The new wage subsidy might persuade managers, facing downsizing decisions, to wait until the economic outlook is clearer.  

The extension and rolling-over of the business loan support also announced by the chancellor will probably help on that front.

But other employers might look at the size of the financial support on offer from November – and the considerably darkened economic outlook – and decide that holding on to workers whom they can’t employ full-time would simply be to delay the inevitable.

The sad fact is that many employers will already have made their decisions, having started their redundancy consultation processes in recent weeks.

It’s pretty hard to see how this scheme would make a material difference to employers’ decisions in the event of another national lockdown, which ministers have warned might be needed if the spread of the virus is not arrested by the new measures implemented this week.
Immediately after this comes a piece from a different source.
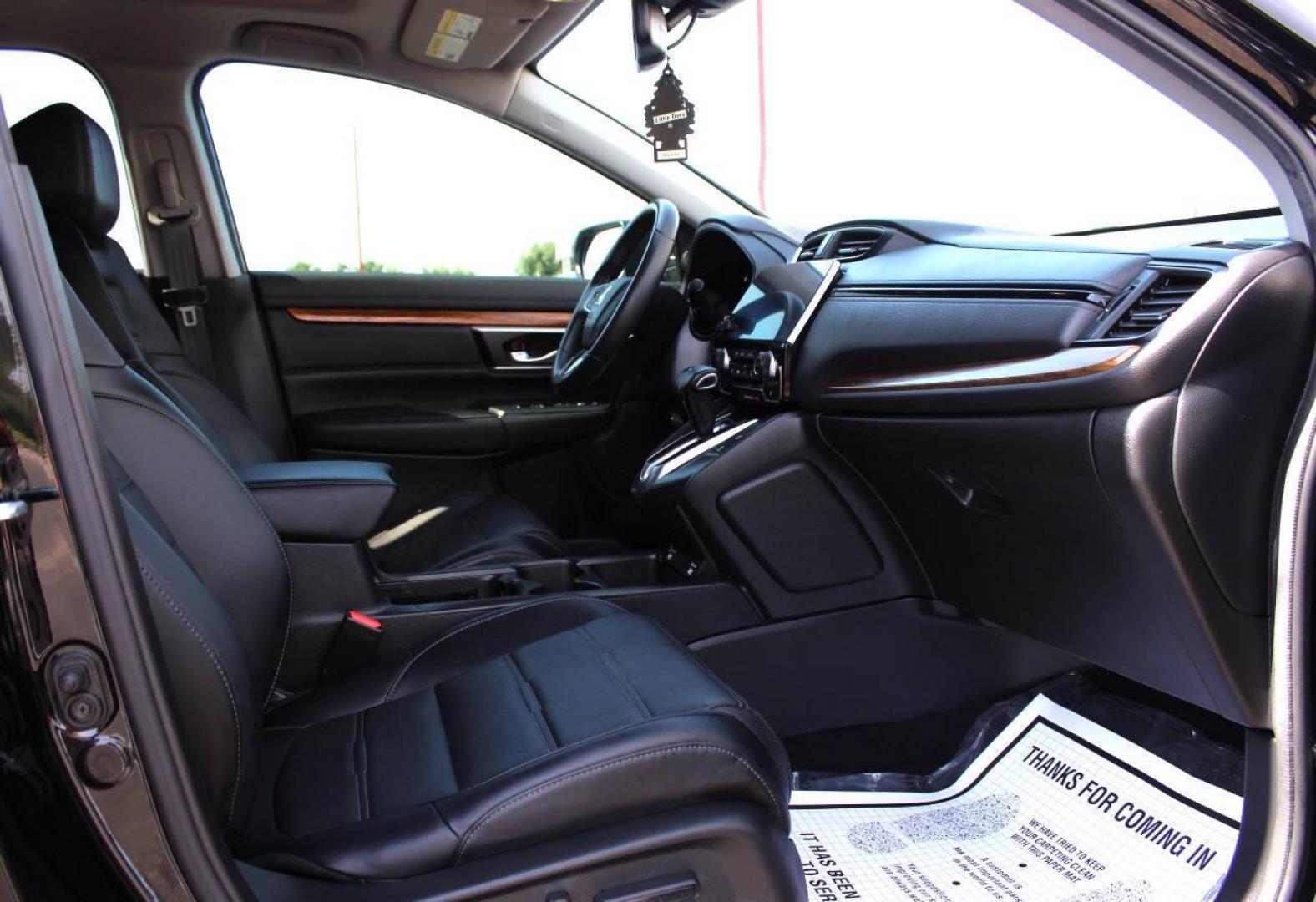 2022 Black Honda CR-V EX-L 2WD (2HKRW1H83NH) with an 1.5L L4 16V DOHC TURBO engine, CVT transmission, located at 4301 NW 39th , Oklahoma City, OK, 73112, (405) 949-5600, 35.512135, -97.598671 - NO DRIVERS LICENCE -NO FULL COVERAGE INSURANCE - NO CREDIT CHECK. COME ON OVER TO SUPERSPORTS, TAKE A LOOK AND TEST DRIVE. PLEASE GIVE US A CALL AT (405) 949-5600. NO LICENCIA DE CONDUCIR - NO SEGURO DE COBERTURA TOTAL - NO VERIFICACION DE CREDITO. VISITENOS EN SUPERSPORTS, MIRE NUESTRO - Photo#9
If the Treasury has a plan to protect jobs in those circumstances, it’s keeping it very well hidden.

But that might be overly pessimistic. There’s some evidence that new coronavirus infection cases in Spain and France, which have been a few weeks ahead of the UK on the curve of this second wave of the epidemic, are slowing.  Good news on a vaccine might arrive and brighten the economic outlook.  

And the fact that the new short-time working scheme has the broad support of the trade unions and the business lobby groups – and seems to have been designed with their input, as was the original furlough scheme – is a hopeful sign. Such groups are almost certainly closer to the thinking of private-sector decision-makers than ministers and Whitehall civil servants.

Yet the bottom line is that the outlook on employment is as clouded and uncertain as that future of the pandemic.

The proof of this wage-subsidy pudding will be in the eating this winter.